Help comes from unexpected places. Even U.S. Small Business Association (SBA) perked up to help businesses struggling from the aftermath of the storm. By early July, the SBA announced the availability of low-interest federal disaster loans in Jefferson County for “small businesses and individuals with uninsured losses to a residence or business.”

Finally, the months after a hailstorm are a true testament to how effectively a city functions and to the character of its community. It brings to life the reality of expectations. On June 2, Mayor Joyce Jay reported on her Facebook page that the normal amount of roof building permits issued were “15-20 per day” and that number “has gone up close to 100 [per day], right at a time when we are down to one trained permit technician!” This led to a backup of application processing time. The city reported each altered wait time, as the chance to obtain a roofing permit went from waiting in lines at the processing office to online submissions only, to a wait time of three to five days for processing and finally extended to five to eight days for processing. Miscommunications happened between roofers and inspectors, residents and the city. However, the city put in all its efforts to resolve blunders and controversies. When residents spoke up, the city moved as quickly as they were able to adhere to requests and complaints of its people.

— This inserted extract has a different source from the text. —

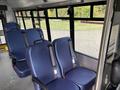 Interior of a 2021 Ford Transit-350 showing two rows of blue fabric seats with seatbelts and a grey floor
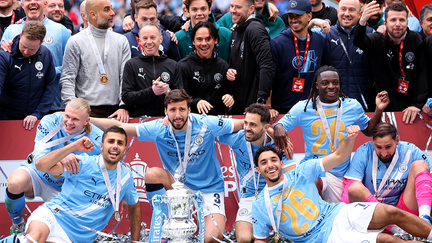 Erling Haaland, Pep Guardiola, Rodri, Ruben Dias, Bernardo Silva, OMar Marmoush, Jeremy Doku and Gianluigi Donnarumma of manchester City celebrate with the trophy after winning the Emirates FA Cup Final match between Chelsea and Manchester City on May 16, 2026 in London, England.  - Fox Business News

While Wheat Ridge was not the only city with a surge of roofs and properties needing repair, the city was hit the hardest by the largest, most damaging hail in the metro area. According to, the 80033 ZIP code (which included Lutheran Medical Center) incurred the bulk of the storm. Even with its own large costs of repair to take care of, Lutheran Hospital came together as a community to help raise funds for its low-income employees who incurred vehicle damage from the storm.

By the end of May, The Insurance Journal estimated there would be “150,000 auto insurance claims and 50,000 homeowners claims” filed as a result of the May 8 storm. Of course, it will be difficult to know the real impact of the storm for months or even years. The only impact we will see until then is our own.

Though we never seem to be prepared enough for the outcome of a hailstorm, we learn a little each time about human compassion and the ability to evolve from such disasters.

People are much like hail in the storm after the storm. NSSL explains, “hailstones bump into other raindrops and other hailstones inside the thunderstorm, and this bumping slows down their fall.” When we look at our own communities, do we slow each other down from the fall or do we slow each other down from progress on our destined journey?

So, what is hail? It is a mirror of the human spirit. While human beings can’t move as fast as a tablet or smart-phone, calculate precise completion time nor meet work expectations flawlessly day after day, we still persevere with the hope that the sun will rise again and that our collaborative diligence will gradually melt away yesterday’s damage one day at a time.